_DATA BELOW_
Start of Block

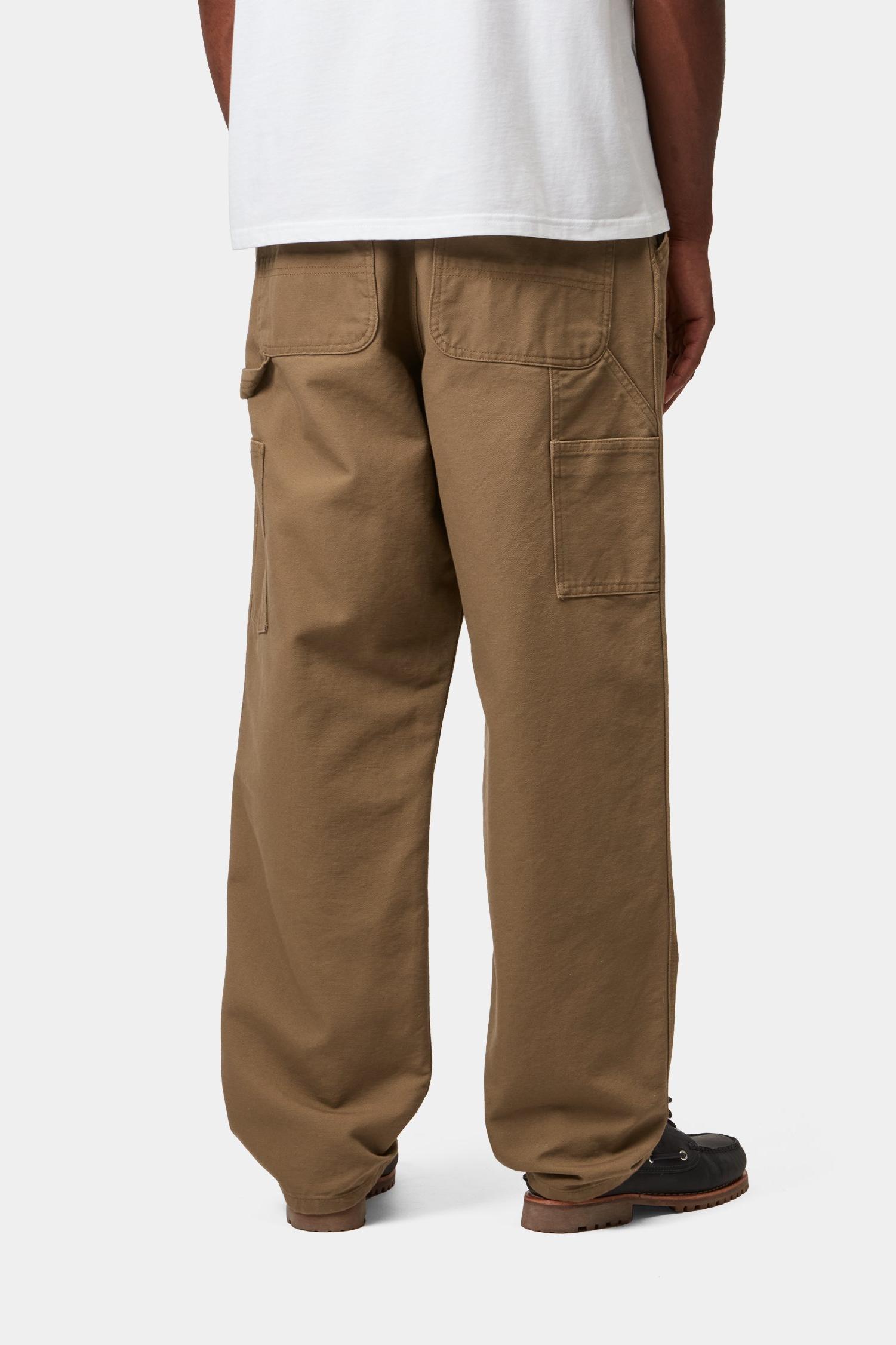 Carhartt WIP Single Knee Pant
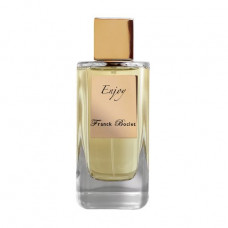 Franck Boclet Goldenlight Enjoy the Perfumed water female, 100 ml (TESTER)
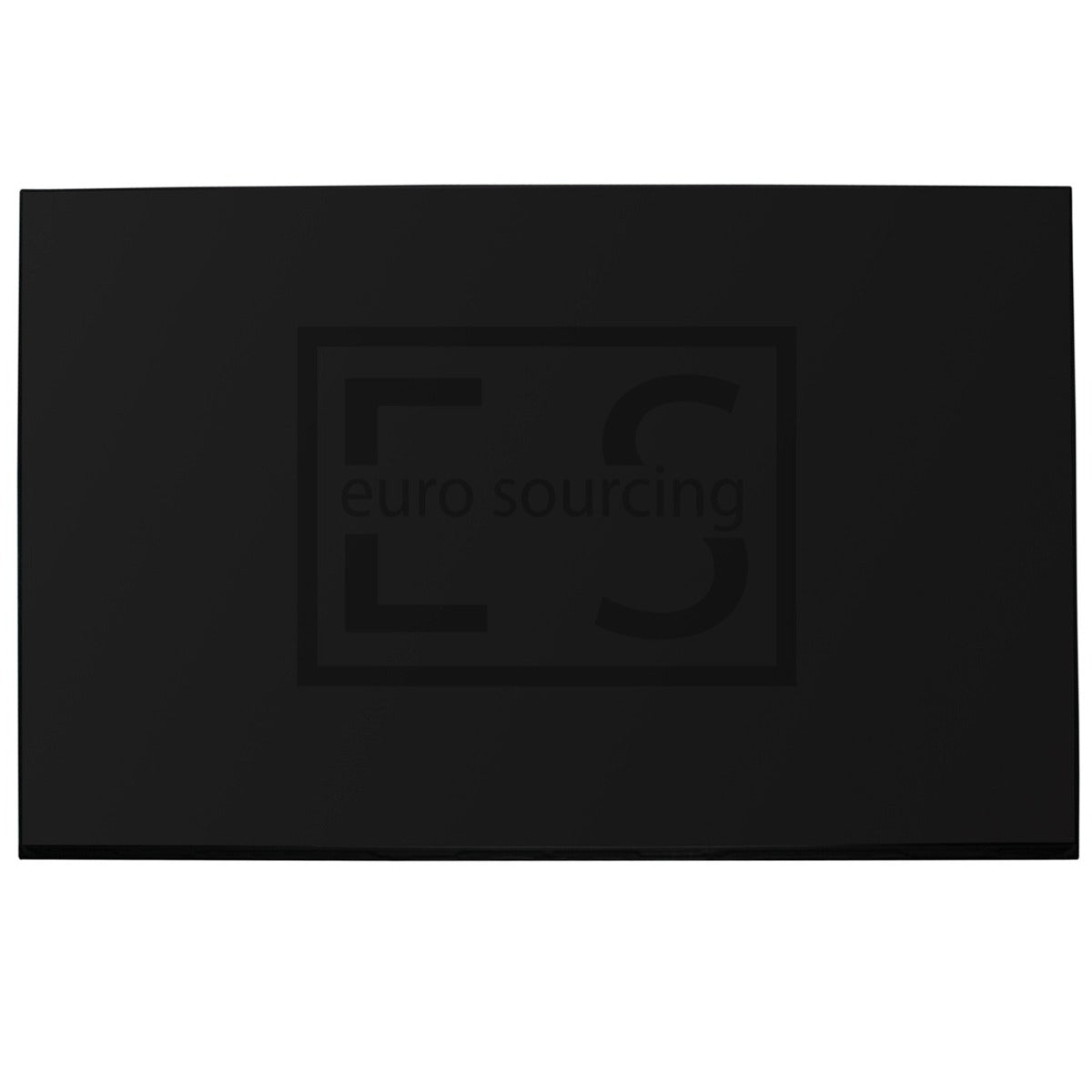 New Replacement NV160WUM-NX1 16" LED LCD Screen Display Panel Compatible With LENOVO LEGION R9000K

End of Block

_WHAT IS NEEDED_
Set the pictures aside and transcribe the data above exactly.

_YOUR RESPONSE_
 Carhartt WIP Single Knee Pant
 Franck Boclet Goldenlight Enjoy the Perfumed water female, 100 ml (TESTER)
 New Replacement NV160WUM-NX1 16" LED LCD Screen Display Panel Compatible With LENOVO LEGION R9000K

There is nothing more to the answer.